I have never been totally convinced. To me there are too many scriptures that indicate that the rebirth and justification are part and parcel of the same thing. It is received by faith, as is everything we receive from God. Whether it is being justified, born again, baptized in the Holy Spirit, all are received by faith. Yet it is a gift as it given by God's grace apart from us being able to earn it. Yet is it not possible that there is any change in us apart from the working of the Holy Spirit in one fashion or another. If we are born again, it is by the Spirit of God.

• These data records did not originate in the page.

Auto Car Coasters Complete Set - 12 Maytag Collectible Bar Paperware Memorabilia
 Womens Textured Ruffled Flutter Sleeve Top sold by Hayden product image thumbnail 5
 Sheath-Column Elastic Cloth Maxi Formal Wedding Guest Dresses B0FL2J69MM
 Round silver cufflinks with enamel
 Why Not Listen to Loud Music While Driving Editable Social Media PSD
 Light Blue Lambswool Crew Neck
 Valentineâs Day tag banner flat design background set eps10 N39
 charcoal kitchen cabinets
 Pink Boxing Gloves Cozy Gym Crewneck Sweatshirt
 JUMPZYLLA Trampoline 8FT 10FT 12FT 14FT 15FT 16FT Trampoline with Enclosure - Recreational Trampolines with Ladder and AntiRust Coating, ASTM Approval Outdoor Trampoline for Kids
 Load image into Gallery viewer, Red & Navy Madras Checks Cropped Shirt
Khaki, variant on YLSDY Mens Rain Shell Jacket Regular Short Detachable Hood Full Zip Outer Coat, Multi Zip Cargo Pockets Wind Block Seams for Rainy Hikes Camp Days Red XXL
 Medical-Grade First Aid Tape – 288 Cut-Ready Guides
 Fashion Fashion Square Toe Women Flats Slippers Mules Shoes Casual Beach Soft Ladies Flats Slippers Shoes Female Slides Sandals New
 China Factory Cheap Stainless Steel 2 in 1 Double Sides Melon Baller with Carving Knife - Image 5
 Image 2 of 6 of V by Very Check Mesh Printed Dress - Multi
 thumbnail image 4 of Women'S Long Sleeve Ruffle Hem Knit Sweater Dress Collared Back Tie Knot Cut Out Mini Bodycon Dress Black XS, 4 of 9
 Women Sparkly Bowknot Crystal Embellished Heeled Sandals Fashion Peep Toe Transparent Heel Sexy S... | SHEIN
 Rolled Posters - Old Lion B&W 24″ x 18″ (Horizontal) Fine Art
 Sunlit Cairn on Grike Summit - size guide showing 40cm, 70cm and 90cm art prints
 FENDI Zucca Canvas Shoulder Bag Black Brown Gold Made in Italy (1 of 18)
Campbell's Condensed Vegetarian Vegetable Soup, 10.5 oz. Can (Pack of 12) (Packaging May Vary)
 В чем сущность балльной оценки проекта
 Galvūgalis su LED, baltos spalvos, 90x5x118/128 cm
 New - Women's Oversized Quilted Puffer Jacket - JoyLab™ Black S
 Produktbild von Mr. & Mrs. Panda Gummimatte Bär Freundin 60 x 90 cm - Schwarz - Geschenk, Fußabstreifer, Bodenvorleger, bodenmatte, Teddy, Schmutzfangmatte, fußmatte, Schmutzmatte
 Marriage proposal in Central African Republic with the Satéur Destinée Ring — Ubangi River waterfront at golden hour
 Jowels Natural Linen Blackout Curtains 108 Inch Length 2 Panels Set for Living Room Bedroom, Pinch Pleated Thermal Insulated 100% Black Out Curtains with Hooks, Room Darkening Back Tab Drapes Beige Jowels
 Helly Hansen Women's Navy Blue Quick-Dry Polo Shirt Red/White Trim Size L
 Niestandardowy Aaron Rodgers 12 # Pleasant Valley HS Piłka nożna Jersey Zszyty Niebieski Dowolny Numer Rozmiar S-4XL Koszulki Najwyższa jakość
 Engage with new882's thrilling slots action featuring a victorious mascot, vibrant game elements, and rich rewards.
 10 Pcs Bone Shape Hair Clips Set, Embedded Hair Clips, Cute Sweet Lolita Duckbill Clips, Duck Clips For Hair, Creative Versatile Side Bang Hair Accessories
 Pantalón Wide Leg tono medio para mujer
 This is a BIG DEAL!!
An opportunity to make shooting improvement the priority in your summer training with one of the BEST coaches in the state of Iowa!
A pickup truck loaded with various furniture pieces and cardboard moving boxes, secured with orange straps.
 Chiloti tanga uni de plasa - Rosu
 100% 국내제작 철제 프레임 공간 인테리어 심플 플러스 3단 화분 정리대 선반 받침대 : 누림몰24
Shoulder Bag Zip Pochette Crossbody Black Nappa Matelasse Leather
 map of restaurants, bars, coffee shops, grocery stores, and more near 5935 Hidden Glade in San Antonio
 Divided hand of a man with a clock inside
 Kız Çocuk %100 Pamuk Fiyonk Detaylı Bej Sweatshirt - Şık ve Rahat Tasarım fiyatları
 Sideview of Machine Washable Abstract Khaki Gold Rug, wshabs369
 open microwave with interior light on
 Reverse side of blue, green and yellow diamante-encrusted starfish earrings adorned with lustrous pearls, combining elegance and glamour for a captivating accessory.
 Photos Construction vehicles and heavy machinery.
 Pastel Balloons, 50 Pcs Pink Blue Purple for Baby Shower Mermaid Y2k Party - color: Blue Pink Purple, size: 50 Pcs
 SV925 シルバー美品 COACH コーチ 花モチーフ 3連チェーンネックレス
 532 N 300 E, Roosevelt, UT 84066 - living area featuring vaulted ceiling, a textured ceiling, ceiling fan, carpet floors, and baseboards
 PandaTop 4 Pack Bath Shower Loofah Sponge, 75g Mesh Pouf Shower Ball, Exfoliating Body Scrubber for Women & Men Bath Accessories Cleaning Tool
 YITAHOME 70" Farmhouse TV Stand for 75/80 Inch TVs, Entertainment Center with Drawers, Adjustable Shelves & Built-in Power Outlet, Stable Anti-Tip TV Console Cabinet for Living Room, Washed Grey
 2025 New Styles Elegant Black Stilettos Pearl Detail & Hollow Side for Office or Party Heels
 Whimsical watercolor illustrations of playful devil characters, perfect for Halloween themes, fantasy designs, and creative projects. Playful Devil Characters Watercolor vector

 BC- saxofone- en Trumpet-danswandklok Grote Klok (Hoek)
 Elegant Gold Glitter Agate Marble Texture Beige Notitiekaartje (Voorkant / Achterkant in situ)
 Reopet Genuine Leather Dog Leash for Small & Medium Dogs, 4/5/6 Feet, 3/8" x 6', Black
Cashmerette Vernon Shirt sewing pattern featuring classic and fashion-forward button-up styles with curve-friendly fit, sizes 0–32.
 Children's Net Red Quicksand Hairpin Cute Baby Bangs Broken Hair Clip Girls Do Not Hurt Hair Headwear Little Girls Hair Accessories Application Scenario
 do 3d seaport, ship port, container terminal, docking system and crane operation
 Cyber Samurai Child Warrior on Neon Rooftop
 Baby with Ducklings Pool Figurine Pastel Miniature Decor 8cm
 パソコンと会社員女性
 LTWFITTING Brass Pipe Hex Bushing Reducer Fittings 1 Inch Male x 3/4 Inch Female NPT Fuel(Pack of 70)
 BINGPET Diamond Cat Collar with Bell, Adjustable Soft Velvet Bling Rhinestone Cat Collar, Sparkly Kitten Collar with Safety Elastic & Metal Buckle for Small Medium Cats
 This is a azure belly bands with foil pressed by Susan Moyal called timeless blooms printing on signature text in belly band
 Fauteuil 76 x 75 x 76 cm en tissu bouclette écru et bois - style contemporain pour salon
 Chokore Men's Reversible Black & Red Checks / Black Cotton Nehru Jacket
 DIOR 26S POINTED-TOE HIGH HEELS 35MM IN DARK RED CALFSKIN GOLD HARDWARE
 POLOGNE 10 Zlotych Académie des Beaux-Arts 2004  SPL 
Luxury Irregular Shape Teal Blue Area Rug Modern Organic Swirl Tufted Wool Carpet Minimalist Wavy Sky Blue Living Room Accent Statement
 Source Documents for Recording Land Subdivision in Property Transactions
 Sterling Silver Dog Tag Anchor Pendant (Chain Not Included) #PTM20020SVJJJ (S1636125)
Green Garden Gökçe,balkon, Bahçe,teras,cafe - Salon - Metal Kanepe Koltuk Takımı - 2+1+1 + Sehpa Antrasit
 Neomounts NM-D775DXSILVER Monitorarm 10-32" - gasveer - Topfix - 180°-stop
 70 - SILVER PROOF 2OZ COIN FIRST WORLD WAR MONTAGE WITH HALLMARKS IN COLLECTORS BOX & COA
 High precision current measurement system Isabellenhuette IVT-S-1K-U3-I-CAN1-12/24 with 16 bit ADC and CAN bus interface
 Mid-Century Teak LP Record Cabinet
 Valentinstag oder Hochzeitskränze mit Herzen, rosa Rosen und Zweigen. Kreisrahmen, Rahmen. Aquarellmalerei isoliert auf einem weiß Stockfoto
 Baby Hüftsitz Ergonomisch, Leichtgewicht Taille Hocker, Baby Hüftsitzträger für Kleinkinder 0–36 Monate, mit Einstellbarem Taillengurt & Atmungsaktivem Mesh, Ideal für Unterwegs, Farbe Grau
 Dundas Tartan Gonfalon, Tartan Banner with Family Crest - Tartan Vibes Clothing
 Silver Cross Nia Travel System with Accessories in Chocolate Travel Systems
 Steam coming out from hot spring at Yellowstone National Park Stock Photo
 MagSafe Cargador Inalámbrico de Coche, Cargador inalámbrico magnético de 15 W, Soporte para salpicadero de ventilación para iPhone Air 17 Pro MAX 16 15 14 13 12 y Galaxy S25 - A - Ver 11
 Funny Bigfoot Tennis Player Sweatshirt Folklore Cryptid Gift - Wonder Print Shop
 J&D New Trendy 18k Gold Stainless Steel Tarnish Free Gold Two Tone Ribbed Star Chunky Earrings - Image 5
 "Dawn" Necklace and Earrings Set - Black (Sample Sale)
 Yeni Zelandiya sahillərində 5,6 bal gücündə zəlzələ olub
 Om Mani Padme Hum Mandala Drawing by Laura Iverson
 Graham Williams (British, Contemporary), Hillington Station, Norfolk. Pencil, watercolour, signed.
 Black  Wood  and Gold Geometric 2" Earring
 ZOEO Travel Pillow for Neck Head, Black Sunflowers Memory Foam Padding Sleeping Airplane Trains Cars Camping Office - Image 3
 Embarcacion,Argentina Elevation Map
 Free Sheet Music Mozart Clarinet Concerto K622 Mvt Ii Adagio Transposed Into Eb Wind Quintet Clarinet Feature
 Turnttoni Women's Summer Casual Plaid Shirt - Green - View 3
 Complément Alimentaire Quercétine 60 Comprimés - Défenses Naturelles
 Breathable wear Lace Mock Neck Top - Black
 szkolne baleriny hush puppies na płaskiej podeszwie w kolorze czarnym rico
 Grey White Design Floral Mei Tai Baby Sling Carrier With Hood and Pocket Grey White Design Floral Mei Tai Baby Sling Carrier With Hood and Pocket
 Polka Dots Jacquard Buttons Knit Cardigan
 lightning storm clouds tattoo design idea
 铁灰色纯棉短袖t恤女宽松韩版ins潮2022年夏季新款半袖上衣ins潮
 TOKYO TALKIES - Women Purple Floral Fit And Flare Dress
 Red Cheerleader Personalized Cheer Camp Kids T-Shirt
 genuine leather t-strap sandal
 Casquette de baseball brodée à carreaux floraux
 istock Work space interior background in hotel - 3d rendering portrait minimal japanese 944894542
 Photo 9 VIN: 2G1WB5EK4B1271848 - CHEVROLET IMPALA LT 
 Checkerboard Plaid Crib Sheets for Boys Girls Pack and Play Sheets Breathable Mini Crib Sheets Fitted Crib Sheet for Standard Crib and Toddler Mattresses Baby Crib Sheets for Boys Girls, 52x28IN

Hope this bit of history, and my perspective can add a little to the discussion. I hope I have not misrepresented what Robert is saying, but that is what I boiled it down to as I read the posts. It is my experience, however, and I do think it is entirely worth while to discuss. We are to study to show ourselves approved, right?


 2012/10/30 18:29Profile

Joined: 2007/2/3
Posts: 835
Alberta, Canada


I enjoyed reading your "history lesson," Travis, thanks for that. I thought I’d add my own thoughts to this thread now. First off, I don’t think it wrong to raise the bar of the “born of the Spirit” or “born again” experience a little higher than it has been set in our day. Countless Christians of all stripes claim to be born again—yet all too often there is not much real difference in their lives from those born in Adam. And so I’m inclined to agree with what Robert has been saying.

John the Baptist was certainly a believer in Jesus Christ. But John the Baptist was not yet in the kingdom of God. “He that is least in the kingdom of God is greater than he” (Lk. 7.28). And how is it that John the Baptist wasn’t in the kingdom of God? It has to be because he had not yet been born again. For Jesus said, “Except a man be born of water and of the Spirit, he cannot enter into the kingdom of God” (Jn. 3.5).

Again, John the Baptist was “filled with the Holy Spirit even from his mother’s womb” (Lk. 1.15). Even so, he was not born of the Spirit. For, according to Jesus, he had not yet entered the kingdom of God.

Yet John the Baptist was a believer in Jesus Christ the Son of God.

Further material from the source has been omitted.